On Dec 5, 2005, at 10:19 AM, William A. Rowe, Jr. wrote:

William A. Rowe, Jr. wrote:
But the obvious tangle becomes - do we return T-E chunked - and is that
a valid header as a HEAD response with no body?

From 2616 4.3,

For response messages, whether or not a message-body is included with
   a message is dependent on both the request method and the response
status code (section 6.1.1). All responses to the HEAD request method MUST NOT include a message-body, even though the presence of entity-
   header fields might lead one to believe they do.

I read this that the T-E entity-header field should be forwarded.

I disagree. T-E is a general-header field and must not
be provided if there is no message-body (see section 4.4).

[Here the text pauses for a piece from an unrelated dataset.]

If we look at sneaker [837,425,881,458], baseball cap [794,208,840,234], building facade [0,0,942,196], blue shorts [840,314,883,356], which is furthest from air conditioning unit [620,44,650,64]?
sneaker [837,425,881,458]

   1.Any response message which "MUST NOT" include a message-body (such
     as the 1xx, 204, and 304 responses and any response to a HEAD
     request) is always terminated by the first empty line after the
     header fields, regardless of the entity-header fields present in
     the message.

Under 4.4

2.If a Transfer-Encoding header field (section 14.41) is present and
     has any value other than "identity", then the transfer-length is
     defined by use of the "chunked" transfer-coding (section 3.6),
     unless the message is terminated by closing the connection.

Which is obviously conditioned on number 1 above it.

But the only way we know we will send the same T-E and C-L values is to
determine the C-L as a result of piping the results through the output
filters to the network stack. Your patch suggests we should ignore that
potential issue.

That is completely irrelevant to forwarding a HEAD response.